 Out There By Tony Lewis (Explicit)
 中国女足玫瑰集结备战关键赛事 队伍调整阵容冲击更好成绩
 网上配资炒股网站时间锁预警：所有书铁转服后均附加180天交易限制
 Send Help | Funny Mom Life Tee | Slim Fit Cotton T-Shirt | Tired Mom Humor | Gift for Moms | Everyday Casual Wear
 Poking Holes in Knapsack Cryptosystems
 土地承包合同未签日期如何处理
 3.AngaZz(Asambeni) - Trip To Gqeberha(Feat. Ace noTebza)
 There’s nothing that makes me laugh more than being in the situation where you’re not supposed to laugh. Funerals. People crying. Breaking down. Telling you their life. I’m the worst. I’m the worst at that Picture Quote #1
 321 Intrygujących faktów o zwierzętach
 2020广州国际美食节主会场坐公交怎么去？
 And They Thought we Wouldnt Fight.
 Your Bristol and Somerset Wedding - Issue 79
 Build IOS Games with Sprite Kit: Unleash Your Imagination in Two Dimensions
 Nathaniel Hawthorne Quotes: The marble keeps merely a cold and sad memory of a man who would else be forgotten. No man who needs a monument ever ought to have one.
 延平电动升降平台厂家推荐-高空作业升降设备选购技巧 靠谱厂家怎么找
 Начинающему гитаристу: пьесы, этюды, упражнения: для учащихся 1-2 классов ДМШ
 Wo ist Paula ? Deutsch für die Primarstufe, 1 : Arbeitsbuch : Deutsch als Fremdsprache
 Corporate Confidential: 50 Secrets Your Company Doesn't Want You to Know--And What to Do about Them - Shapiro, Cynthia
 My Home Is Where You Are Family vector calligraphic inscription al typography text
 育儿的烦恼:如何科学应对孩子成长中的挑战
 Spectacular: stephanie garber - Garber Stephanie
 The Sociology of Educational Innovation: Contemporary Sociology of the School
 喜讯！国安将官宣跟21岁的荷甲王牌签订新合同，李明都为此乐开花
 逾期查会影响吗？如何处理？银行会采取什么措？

[What needs to be done] Looking back over the data above, restate word for word the lines that begin at the line with "Nathaniel Hawthorne Quotes: The" and end at the line with "Wo ist Paula", inclusive.

[Result for this task]
 Nathaniel Hawthorne Quotes: The marble keeps merely a cold and sad memory of a man who would else be forgotten. No man who needs a monument ever ought to have one.
 延平电动升降平台厂家推荐-高空作业升降设备选购技巧 靠谱厂家怎么找
 Начинающему гитаристу: пьесы, этюды, упражнения: для учащихся 1-2 классов ДМШ
 Wo ist Paula ? Deutsch für die Primarstufe, 1 : Arbeitsbuch : Deutsch als Fremdsprache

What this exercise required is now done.